On Wed, Jul 11, 2018 at 06:03:08PM +0200, Pavel Hrdina wrote:
> To make it clear I'll summarize all the possible combinations and how it
> should work so we are on the same page.

originally: before commit [1]
now: after commit [1] (current master)
expect: what this patch series should fix


======= Non-NUMA guests =======


* Only one hugepage specified without any nodeset

    <memoryBacking>
      <hugepages>
        <page size='1048576' unit='KiB'/>
      </hugepages>
    </memoryBacking>

    This is correct, was always working and we should not change it.

    originally: works
    now: works
    expected: works


* Only one hugapage specified with nodeset

    <memoryBacking>
      <hugepages>
        <page size='1048576' unit='KiB' nodeset='0'/>
      </hugepages>
    </memoryBacking>

    This is questionable since there is no guest NUMA node specified,
    but on the other hand we can consider non-NUMA guest to have exactly
    one NUMA node.

    This was working but has been broken by commit [1]  which tried to
    fix a case where you are trying to specify non-existing NUMA node.

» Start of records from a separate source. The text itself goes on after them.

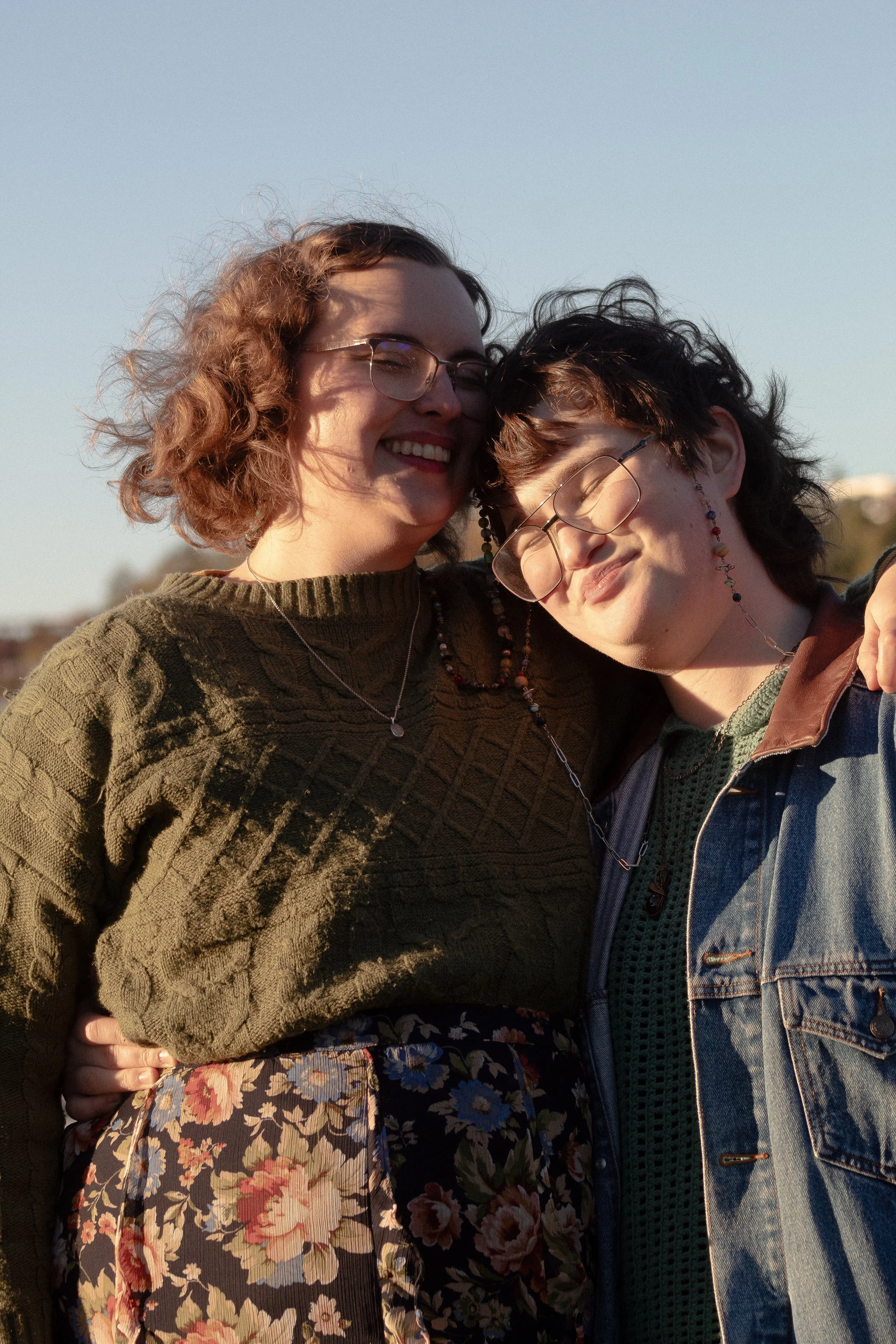 Two women smiling and hugging outdoors during sunset, one wearing a green sweater and floral skirt, the other in a denim jacket and glasses.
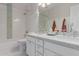 Elegant bathroom featuring double sinks, stone countertops, and subway tile accents at 4335 E Enrose St, Mesa, AZ 85205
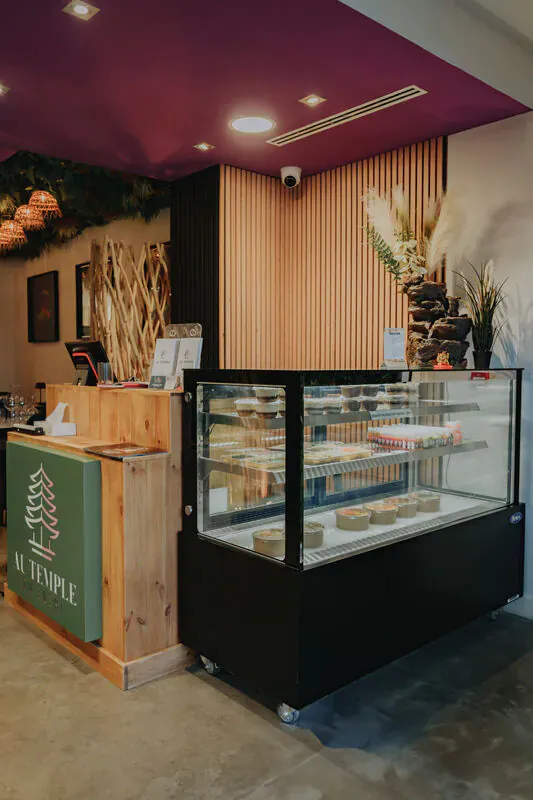Intérieur chaleureux d'une épicerie italienne de proximité, comptoir en bois et vitrine réfrigérée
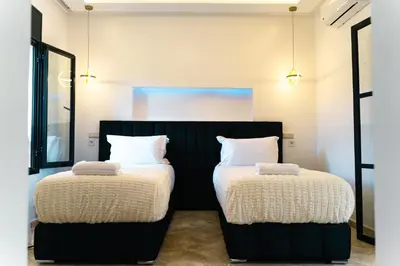 two beds sitting next to each other in a room at Villa oasis private pool secure complex in Marrakech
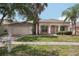 Charming single-story home features a well-maintained lawn, arched entryway, and attached two-car garage at 10905 Wildcat Dr, Riverview, FL 33579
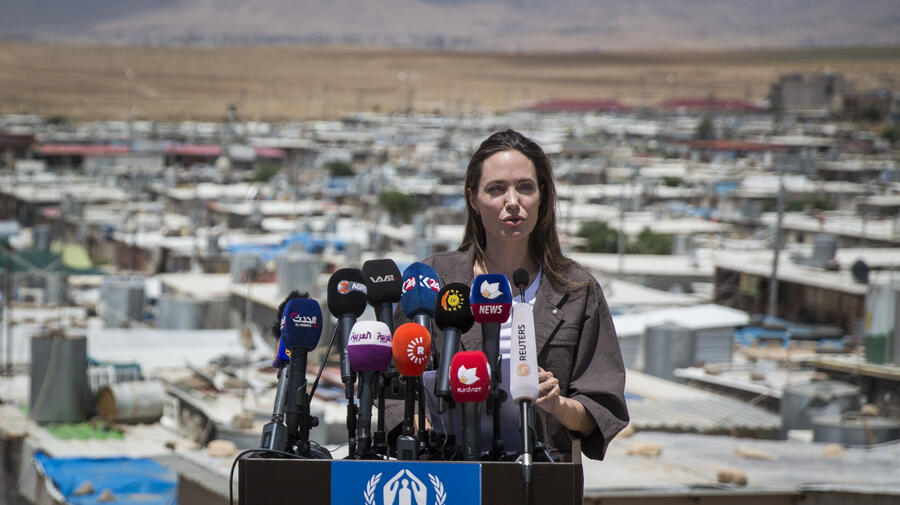 Angelina Jolie stands at a podium covered with news microphones, with Domiz refugee camp in the background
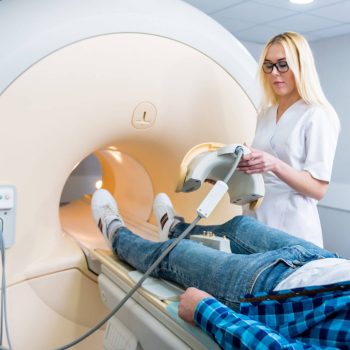 Médica preparando paciente para ressonância magnética do joelho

    Because of that assumption we can consider this as valid XML even
    though there is no NUMA node specified [2].  There are two possible
    solutions:

        - we can leave the XML intact

        - we can silently remove the 'nodeset' attribute to 'fix' the
          XML definition

    originally: works
    now: fails
    expect: works


    <memoryBacking>
      <hugepages>
        <page size='1048576' unit='KiB' nodeset='1'/>
      </hugepages>
    </memoryBacking>

    If the nodeset is != 0 it should newer work becuase there is no
    guest NUMA topology and even if we take into account the assumption
    that there is always one NUMA node it is still invalid.

    originally: works
    now: fails
    expect: fails


* One hugepage with specific nodeset and second default hugepage

    <memoryBacking>
      <hugepages>
        <page size='1048576' unit='KiB' nodeset='0'/>
        <page size='2048' unit='KiB'/>
      </hugepages>
    </memoryBacking>

    This was working but was 'fixed' by commit [1] because the code
    checks only the first hugepage and uses only the first hugepage.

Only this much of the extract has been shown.